▼▼▼

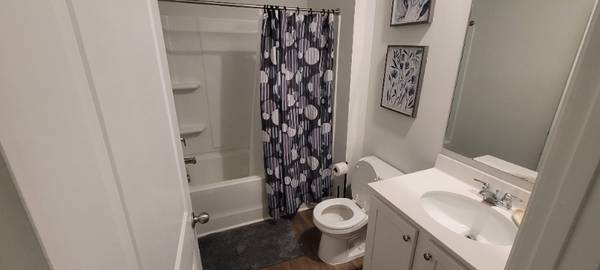 $1200.00 / 1br - Furnished Bedroom with Ensuite Bathroo.64016107231235124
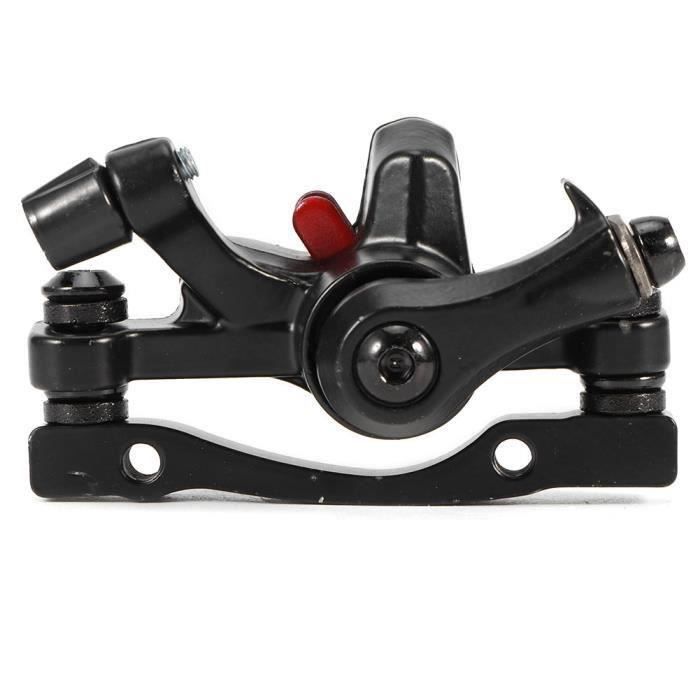Étrier De Frein Double Pivot Campagnolo Chorus - Aluminium Argenté - Pour Vélo De Route - Excellent état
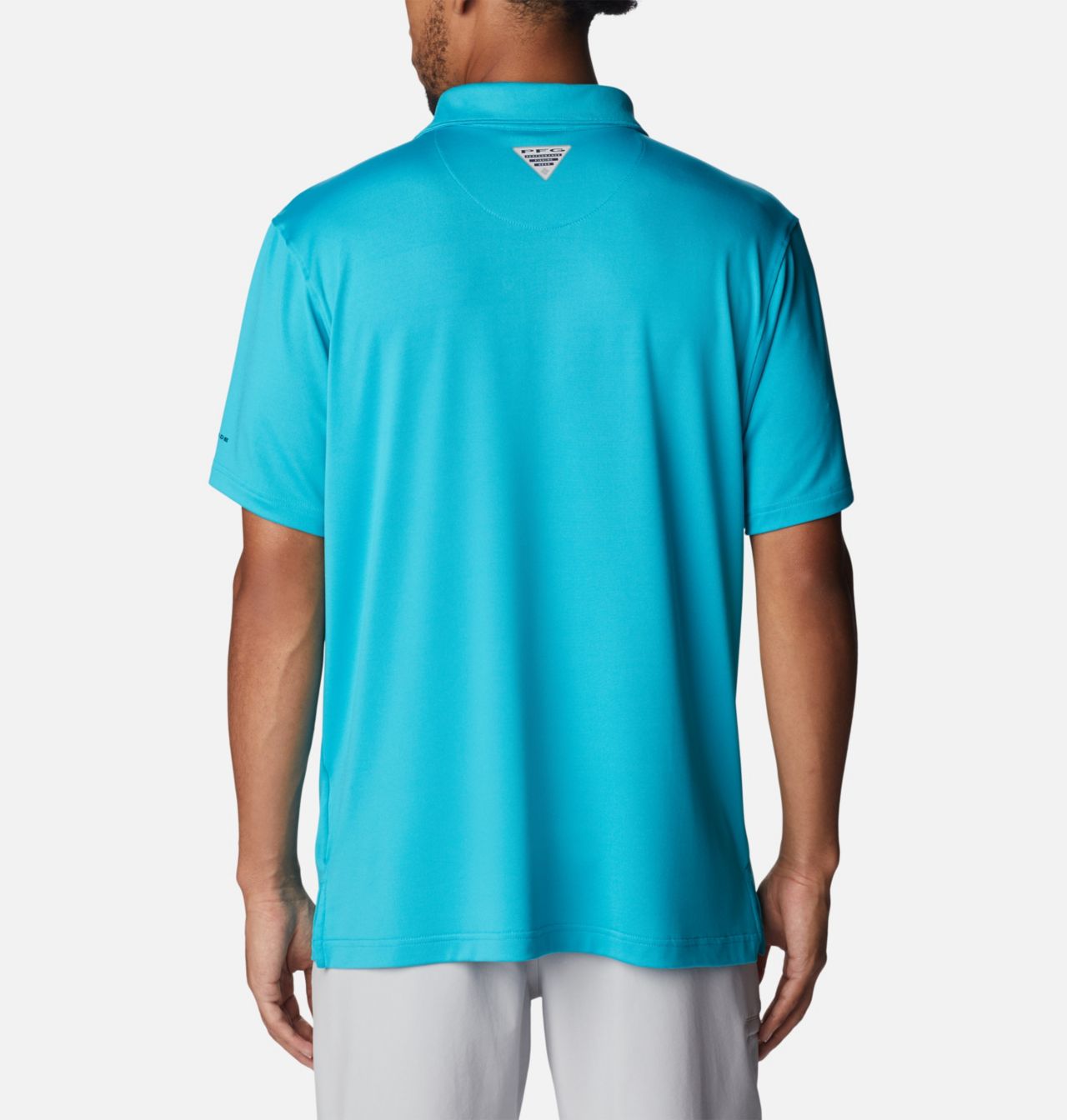 Men's PFG Slack Tide™ Stretch Polo 2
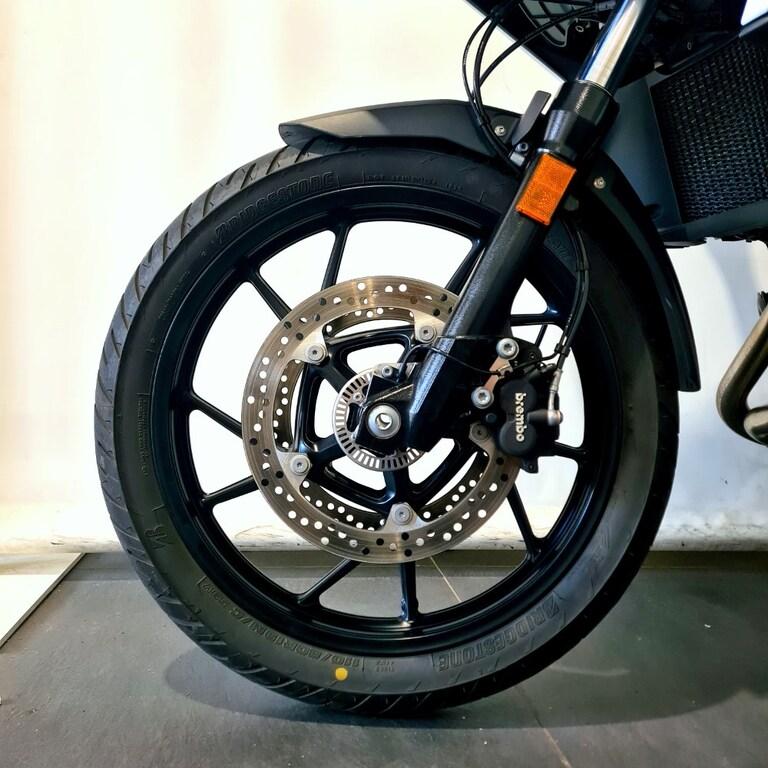 F 800 GS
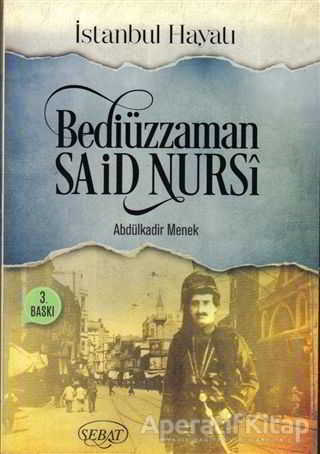 Bediüzzaman Said Nursi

▲▲▲

Give again, word for word, each line from the one holding "Étrier De Frein" through the end of the entries, and leave out any picture.

RESPONSE BELOW:
Étrier De Frein Double Pivot Campagnolo Chorus - Aluminium Argenté - Pour Vélo De Route - Excellent état
 Men's PFG Slack Tide™ Stretch Polo 2
 F 800 GS
 Bediüzzaman Said Nursi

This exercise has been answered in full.